Tau is a microtubule-associated protein with many physiological functions, including modifying microtubule stability, neuronal morphology, vesicle transport and trafficking (1,2). Tau dysfunction contributes to a number of diseases, termed tauopathies, either as the primary causative agent (e.g., Pick’s disease) or as a component of the neuropathology (e.g., Alzheimer’s disease). In Alzheimer’s disease, abnormally phosphorylated tau dissociates from microtubules and aggregates to form oligomers and fibrils, accumulating in the soma-dendritic compartment. Tau can further aggregate to form neurofibrillary tangles (NFTs), whose abundance correlates with disease progression (3,4). However, it appears that the soluble tau oligomers (oTau) are the most bioactive, in terms of disrupting neuronal function. Indeed, the toxic effects of tau oligomers can occur in the absence of NFT pathology (5–7). Although the toxicity of oTau is now well established, the mechanistic basis of oTau actions on neuronal function are poorly understood.
Electrophysiological studies have revealed several pathological mechanisms for the actions of full length (FL) oTau, including alterations in neuronal excitability and changes in short- and long-term synaptic plasticity (8–11). Viral introduction and transgenic models are commonly used to explore the roles of oTau in pathology (5–7). While these methods generate valuable data, they provide little information on the concentration and structural conformations of oTau that are responsible for the neurotoxic effects. For other approaches, such as the extracellular application of oTau to tissue or cell cultures (12–14), cellular uptake may be the limiting step, reducing the observed toxicity.
To address these limitations, we have used whole-cell patch-clamp recording to introduce oTau into single neurons and has enabled specific targeting to either pre- or post-synaptic cells (8,15). This approach only requires small amounts of oligomers, each cell acts as its own control and electrophysiological alterations can be observed in real time. Furthermore, direct comparisons can be made between different concentrations and structural conformations of the oTau introduced. Using this approach, we have previously demonstrated that full-length (FL, prepared from recombinant full-length human tau 1-441) oTau (44-444 nM) modifies the excitability (as measured by a change in firing rate), input resistance and action potential waveform of CA1 pyramidal neurons.
We hypothesized that using specific truncations of the tau molecule, we would be able to dissect apart these effects, which would help in identifying the underlying mechanisms. We therefore created truncated versions of tau, informed by a physiologically relevant truncation at amino acid 123 that was recently discovered in AD patients. We used oligomers formed from tau lacking the N-terminal region (aa 124-441; CFRAG) and soluble aggregates of the non-oligomer forming N-terminal fragment (aa 1-123; NFRAG).
We found that CFRAG-oTau did not replicate the effects on action potential kinetics or input resistance that were observed with FL-oTau but did still increase firing rate. We then showed that this firing rate increase is mediated by a reduction in the minimum current required to elicit an action potential, which in turn results from a reduction in the spike initiation threshold. Thus, the neurons become more excitable.
Conversely, we found that NFRAG-Tau aggregates changed the action potential height and width without increasing input resistance or excitability. Surprisingly, NFRAG monomers produced comparable changes to action potentials. Thus, the effects of NFRAG are likely to be unrelated to its quaternary structure and instead maybe associated with a specific sequence within the NFRAG tau.
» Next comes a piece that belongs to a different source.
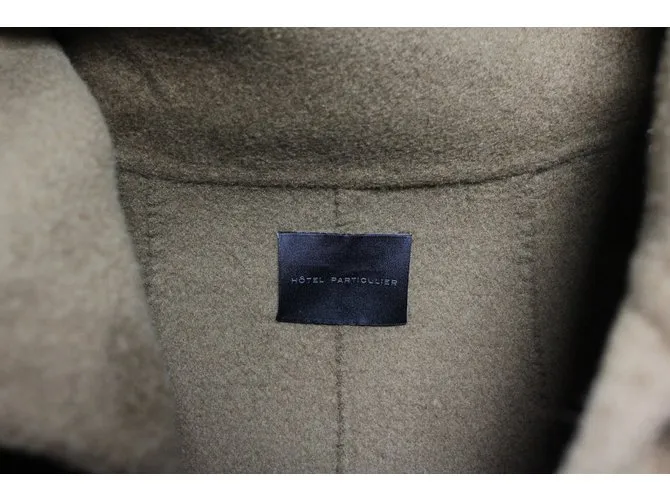 Private hotel Abrigos, Brown streetwear - No results.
Given the nature of the changes in action potential waveform and excitability, we hypothesised that tau might be interacting with voltage-gated sodium channels and altering their function. We adapted a published protocol to allow us to record voltage gated sodium currents in acute slices. We found that FL-oTau had three effects on sodium channel currents: Firstly, the half activation was reduced, reflecting the increase in neuronal excitability, consistent with the effects of CFRAG-oTau. Secondly, the rate of activation was reduced underlying the slower action potential rise, consistent with the effects of NFRAG-tau. Finally, FL-oTau reduced the maximum sodium conductance by ~ two thirds. To investigate the effects this would have on the AP, we implemented a simplified action potential model (16). Reducing the maximum sodium conductance had effects that replicated our data (reduced action potential amplitude and change to threshold).
This simple, yet highly effective technique of introducing structurally defined aggregated proteins into single neurons has allowed us to study the actions of tau with unparalleled levels of detail and provides a unique opportunity to understand the underlying pathology for tauopathies. By truncating the tau molecule, we have probed the mechanisms that underlie tau dysfunction, and this increased understanding of tau’s pathological actions will build towards developing future tau-targeting therapies.